-- Opening Marker --
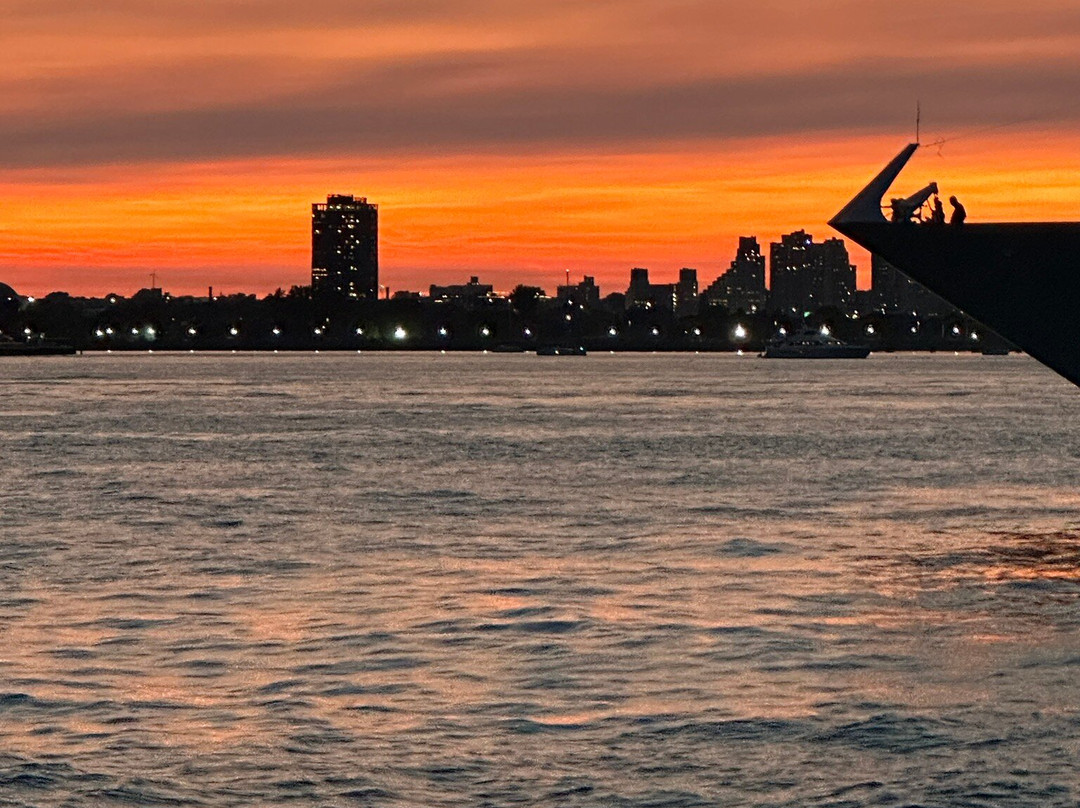 NY Waterway Ferry-维霍肯必去景点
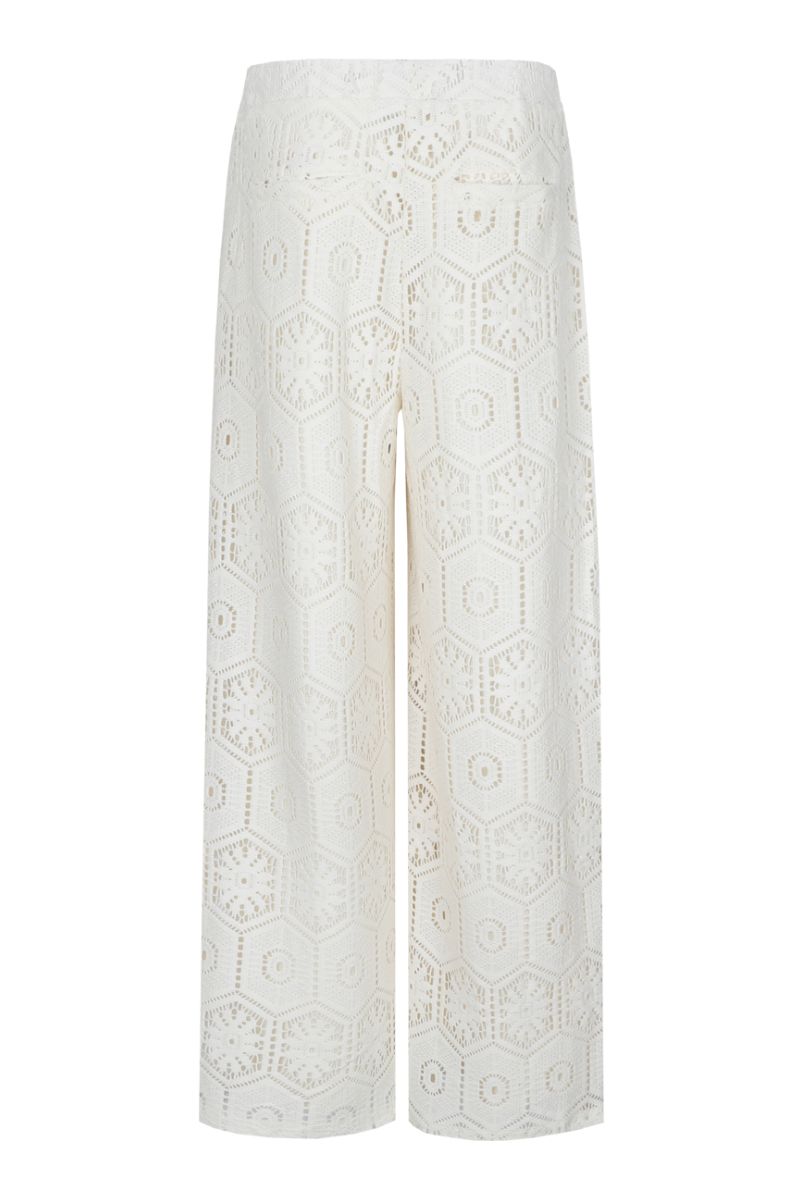 C&S The Label Perina Pants Ecru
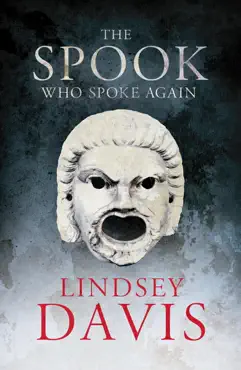 the spook who spoke again book cover image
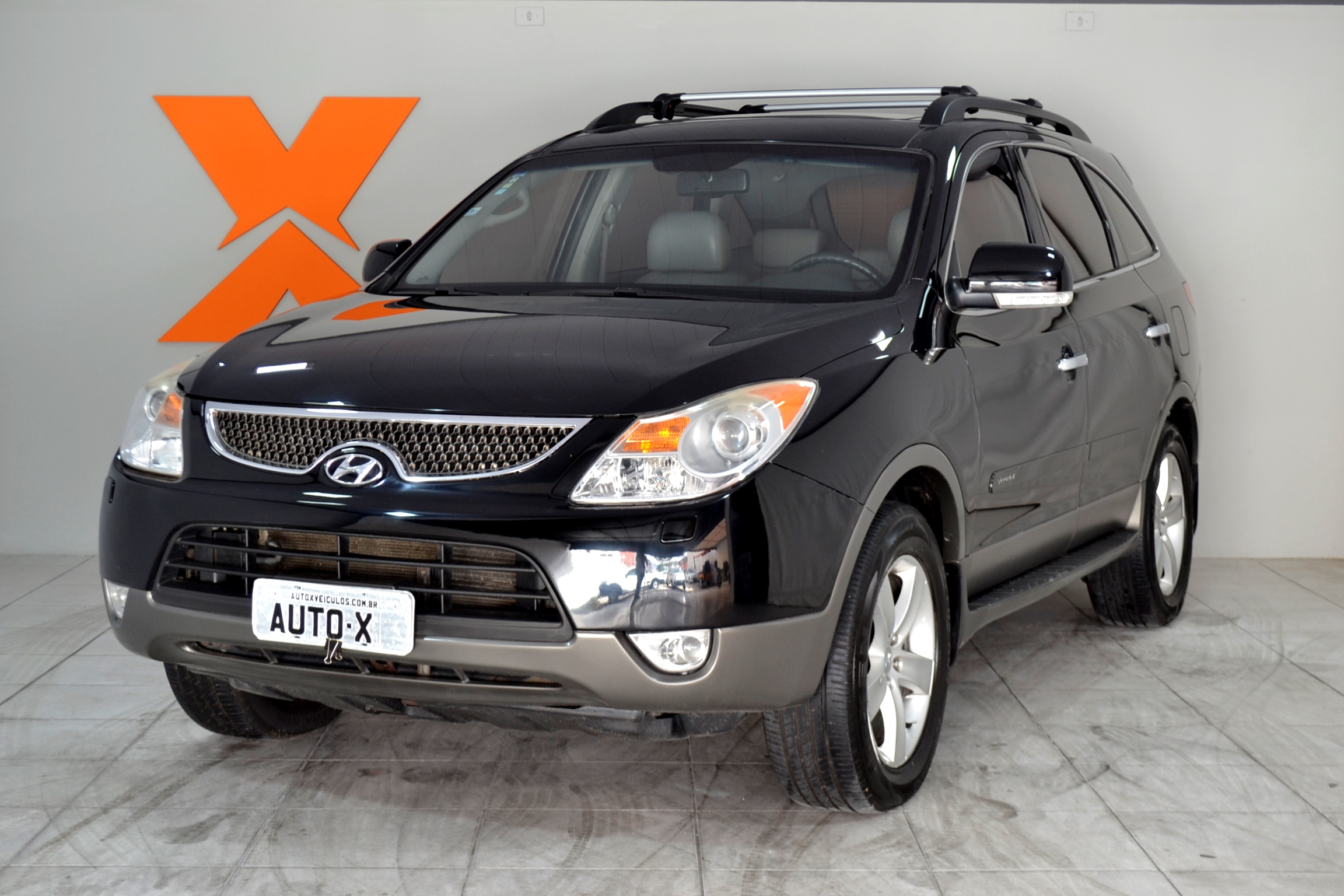 Hyundai VERACRUZ GLS 3.8 4WD Aut. Gasolina 4 portas, câmbio Automático ...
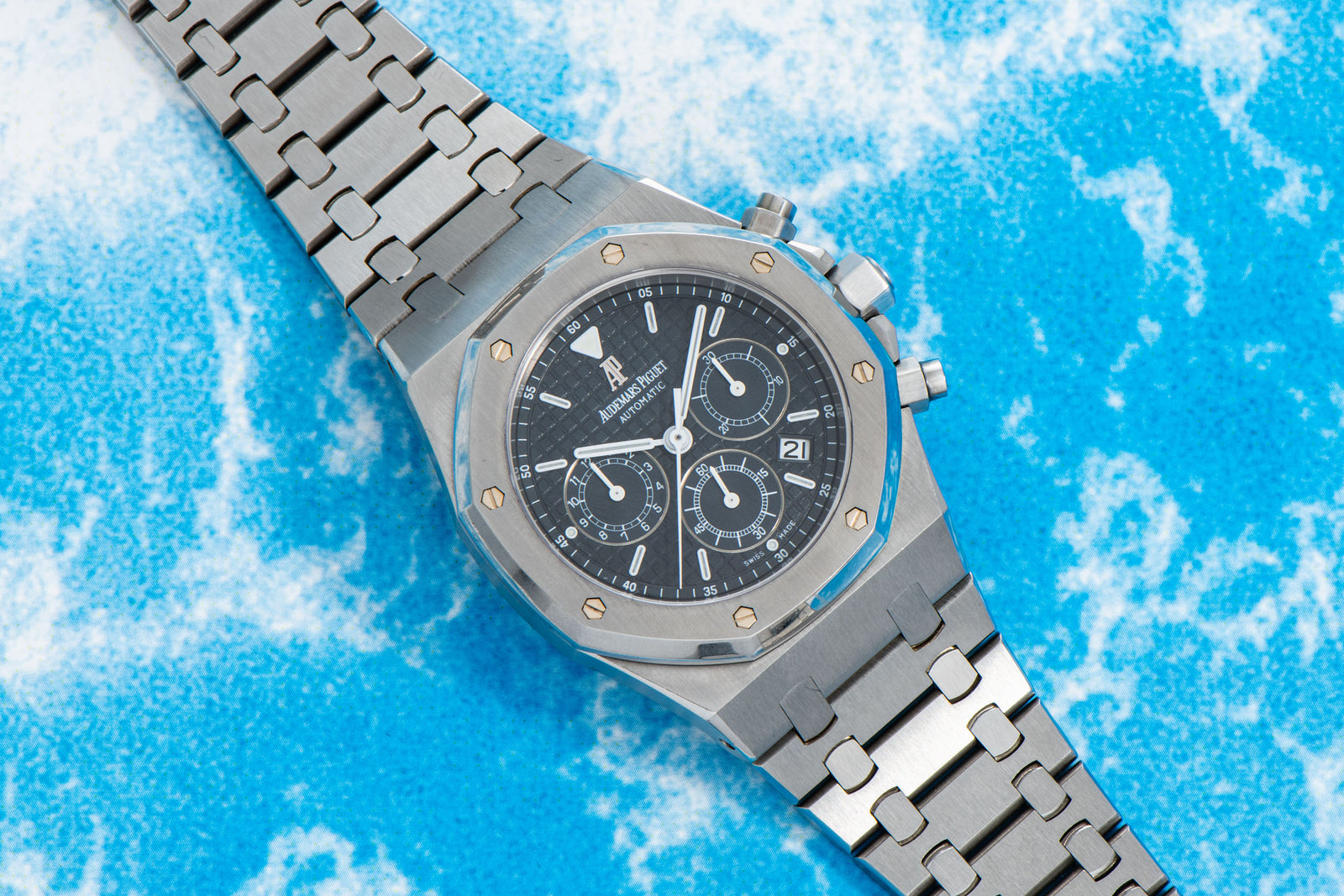 Audemars Piguet Royal Oak Chronograph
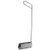 Magikitch'N B7490701 (or Equivalent) FRYER CRUMB SCOOP, 2 X 6 X 2(26-4653)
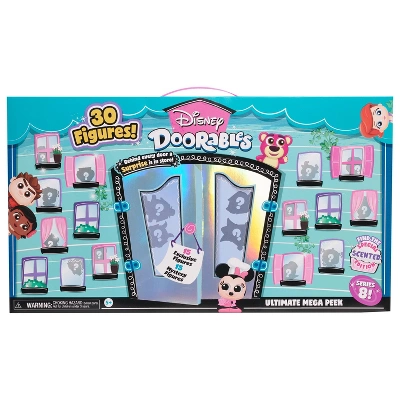 Disney Doorables Mega Peek 44628 Mini Figures 3 Disney Doorables Mega Peek 44628 Mini Figures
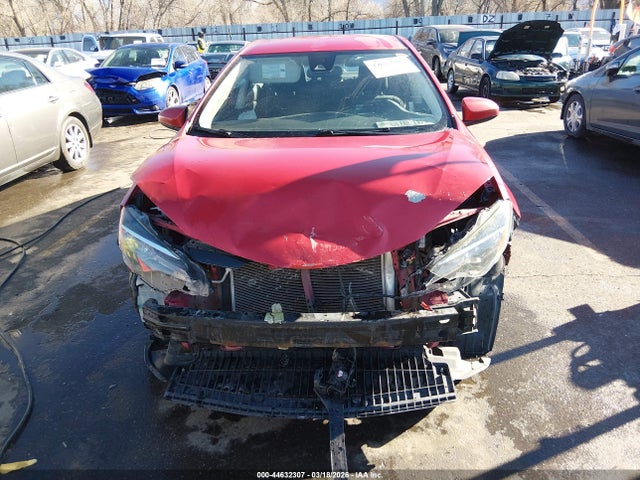Toyota COROLLA LE 2017 2T1BURHE5HC860818 Image 12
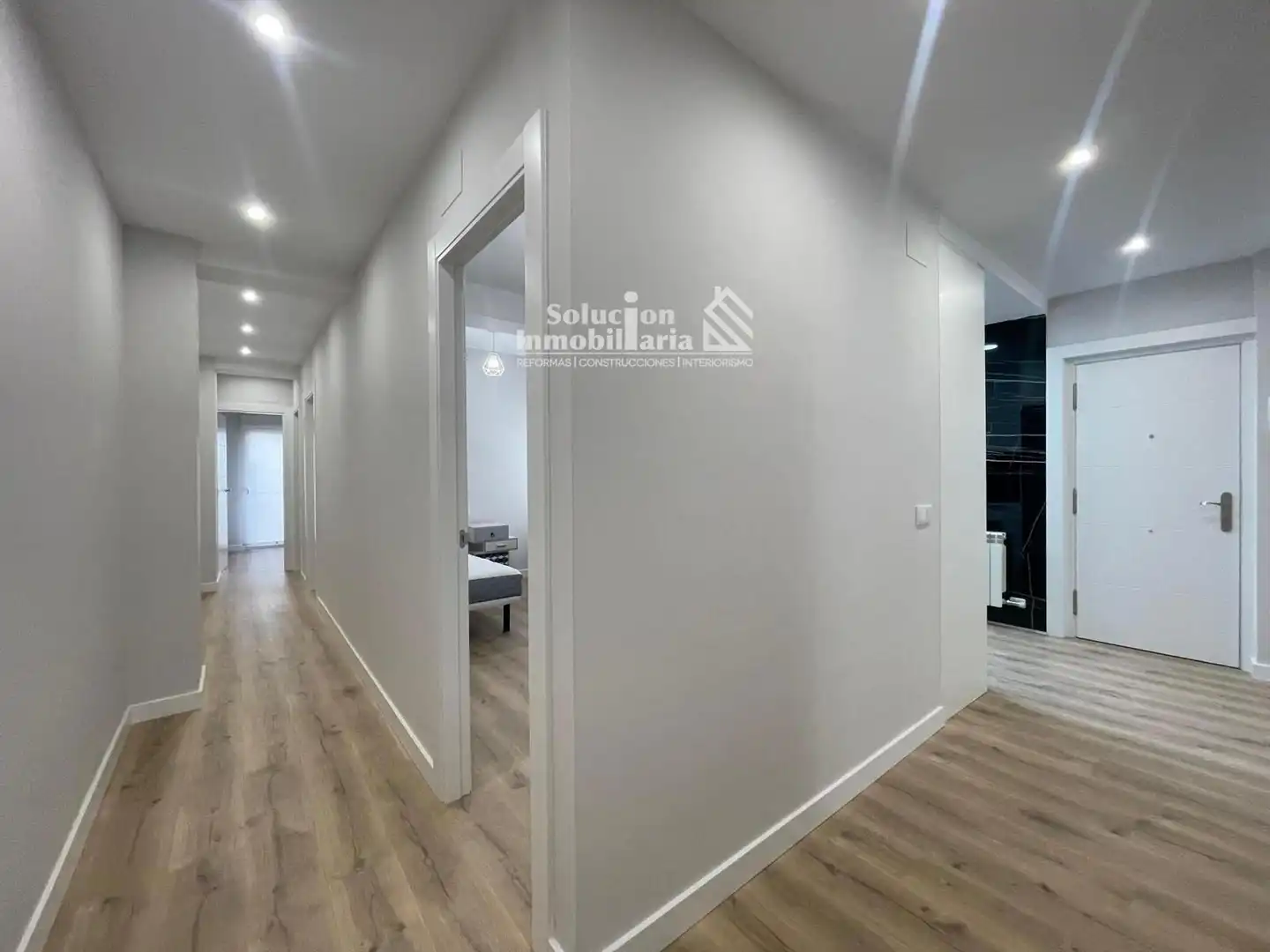 Piso de 96 m² en Salamanca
-- Closing Marker --
(Problem description): Where a line contains "Audemars Piguet Royal Oak Chronograph", begin there and set down exactly each line through the end of the data above, omitting any pictures.

(Solved problem):
 Audemars Piguet Royal Oak Chronograph
 Magikitch'N B7490701 (or Equivalent) FRYER CRUMB SCOOP, 2 X 6 X 2(26-4653)
 Disney Doorables Mega Peek 44628 Mini Figures 3 Disney Doorables Mega Peek 44628 Mini Figures
Toyota COROLLA LE 2017 2T1BURHE5HC860818 Image 12
 Piso de 96 m² en Salamanca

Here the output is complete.